▶ [PROBLEM DETAILS]:
Beginning at the line that holds "Windshaper Planetar - Foil", repeat every line through the last line of the material, exactly, and drop any pictures.

▶ [DATA FOR REVIEW]:
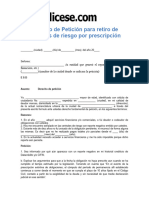 Derecho de Peticion Retiro de Centrales Riesgo Prescripcion (1)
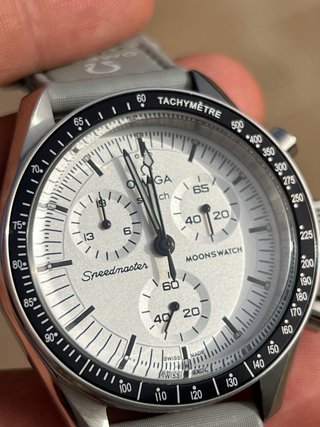 Omega x Swatch Moonwatch Gris/Blanco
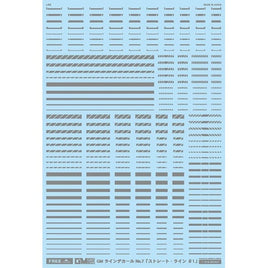 GM-644 FREE GM ラインデカール No.7「ストレート・ライン #1」グレー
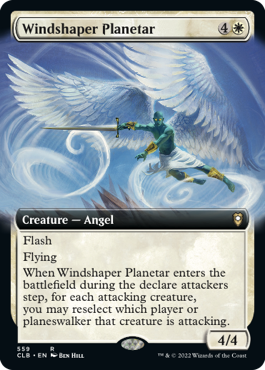 Windshaper Planetar - Foil - Extended Art | Baldur's Gate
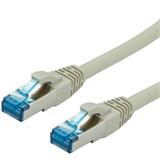 Value patch kábel Cat6A, STP, LSOH, 1,5m , sivý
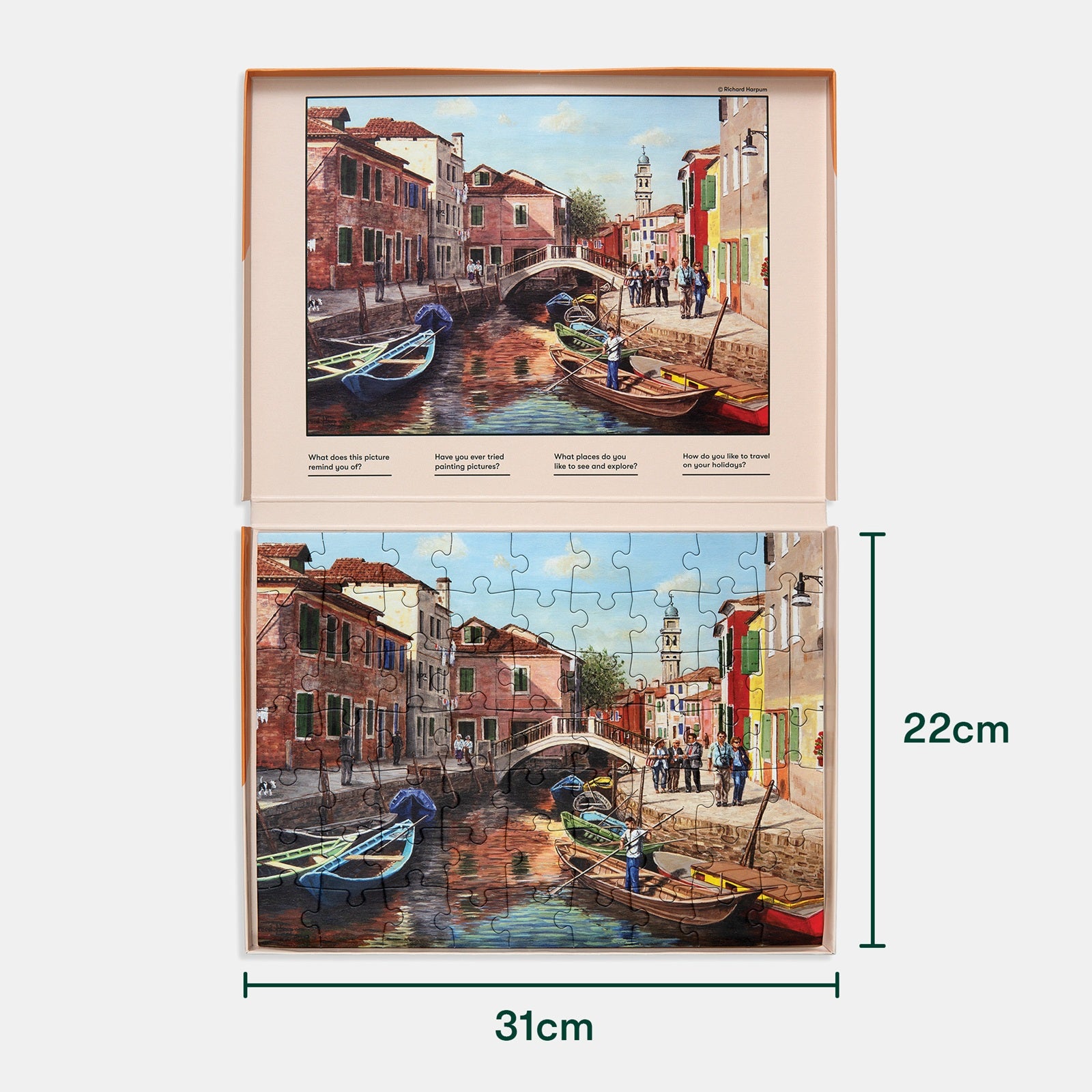 Afbeeelding van het spel Puzzel - Burano Island - 63 stukjes, speciaal geselecteerd  voor ouderen met dementie.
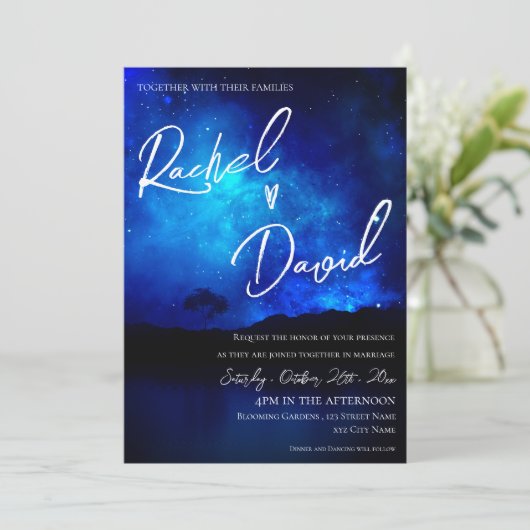 キュートアンダーザスターズナイトスカイタイポグラフィ結婚ズ (スタンド正面)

▶ [EXPECTED OUTPUT]:
 Windshaper Planetar - Foil - Extended Art | Baldur's Gate
 Value patch kábel Cat6A, STP, LSOH, 1,5m , sivý
 Afbeeelding van het spel Puzzel - Burano Island - 63 stukjes, speciaal geselecteerd  voor ouderen met dementie.
 キュートアンダーザスターズナイトスカイタイポグラフィ結婚ズ (スタンド正面)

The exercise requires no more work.